David H. Armstrong, Troy, for defendants.

DENNY, Justice.

The defendants except and assign as error the failure of the trial court to sustain their motion for judgments as of nonsuit, made at the close of the plaintiffs' evidence and renewed at the close of all the evidence.

We think the evidence introduced in the trial below, when considered in the light most favorable to the plaintiffs, as it must be on motion for judgment as of nonsuit, is sufficient to withstand such motion. Carson v. Doggett, 231 N.C. 629, 58 S.E. 2d 609; Winfield v. Smith, 230 N.C. 392, 53 S.E.2d 251; Thomas v. Thurston Motor Lines, 230 N.C. 122, 52 S.E.2d 377; Bundy v. Powell, 229 N.C. 707, 51 S.E.2d 307; Pascal v. Burke Transit Co., 229 N.C. 435, 50 S.E.2d 534.

By exception duly brought forward to the charge, the defendants contend the court below failed to comply with G.S. 1-180, in that it failed to declare and explain the law arising on the evidence with respect to the defendants' Further Answer and Defense, and the statutes pleaded therein; and to explain the law applicable to the facts as they might be found by the jury from the evidence.

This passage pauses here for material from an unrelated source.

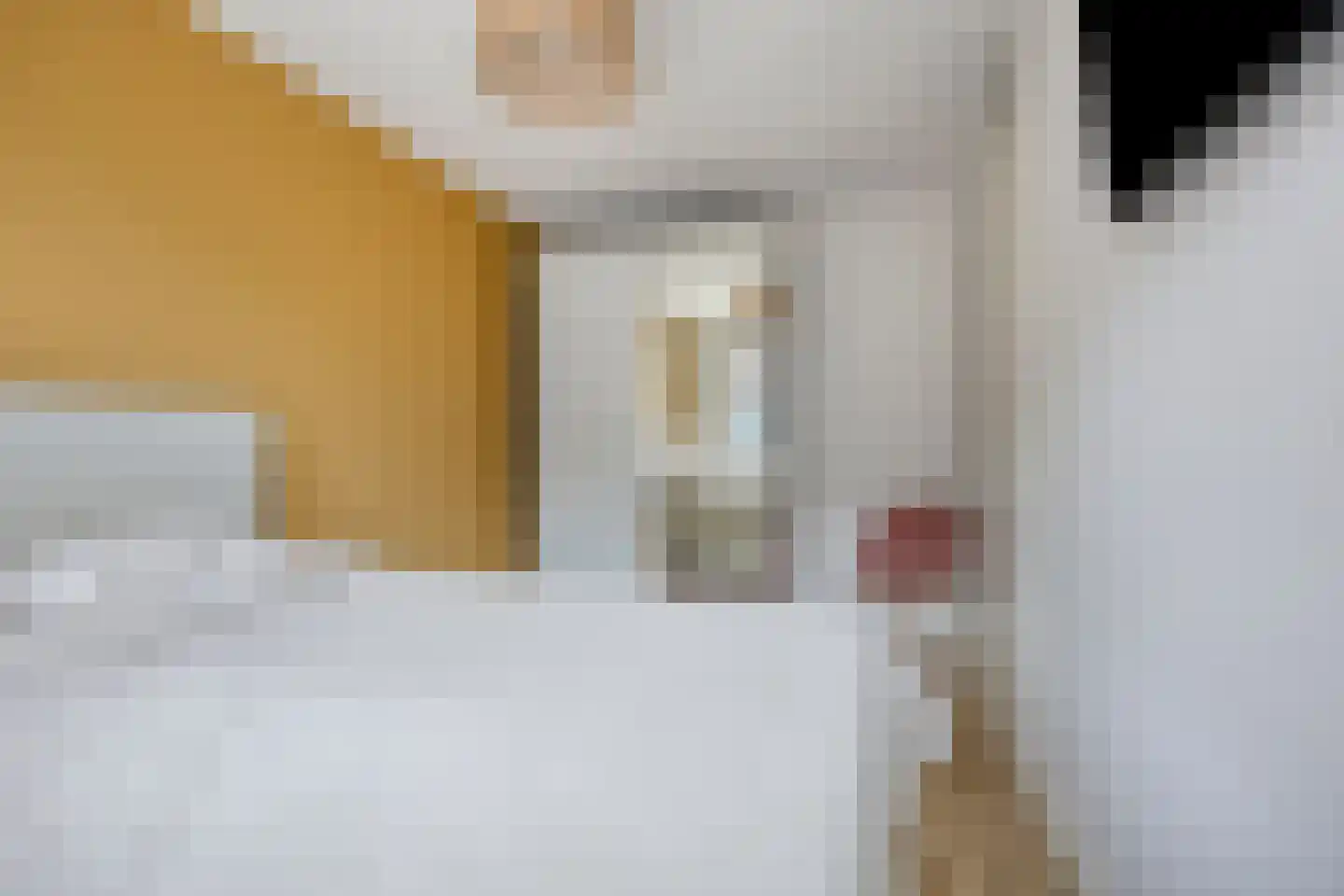 Piet Lanserhof 33 Rijsenhout thumbnail 19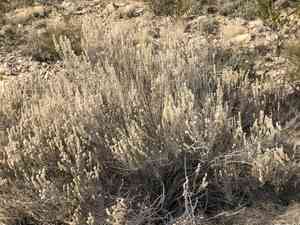Splitleaf brickellbush(Brickellia laciniata)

The General Assembly, in 1949, rewrote G.S. § 1-180, which now reads as follows: 'No judge, in giving a charge to the petit jury, either in a civil or criminal action, shall give an opinion whether a fact is fully or sufficiently proven, that being the true office and province of the jury, but he shall declare and explain the law arising on the evidence given in the case. He shall not be required to state such evidence except to the extent necessary to explain the application of the law thereto; provided the judge shall give equal stress to the contentions of the plaintiff and defendant in a civil action, and to the state and defendant in a criminal action.'

A careful examination of the charge discloses that the court defined actionable negligence and proximate cause in general terms; that the court instructed the jury that it would give it certain statutes which the jury would apply to the facts as found by it from the evidence in the case. Whereupon the court read to the jury certain statutes applicable to the operation of motor vehicles on the public highways, with respect to brakes, signals on starting, stopping or turning, reckless driving, speed restrictions, overtaking a vehicle, and the duty of a driver to give way to overtaking vehicle. However, no application of the law embodied in the statutes was made to the evidence given in the case. Briefly stated, the jury was instructed that the violation of any one or more of these statutes by the driver of the defendants' truck would constitute negligence per se, and if the jury should find from the evidence and by its greater weight that the driver of the defendants' truck violated one or more of these statutes which the court read to the jury, the plaintiffs would be entitled to have the jury answer the first issue Yes, if the plaintiffs had satisfied the jury from the evidence and by its greater weight that such negligence on the part of the driver of the defendants' truck was the proximate cause of the plaintiff's injuries. The remainder of the charge dealt exclusively with the burden of proof, damages and the contentions of the parties. Nowhere in the charge did the court explain the law applicable to the evidence upon which the defendants' contentions were based, should the jury find the...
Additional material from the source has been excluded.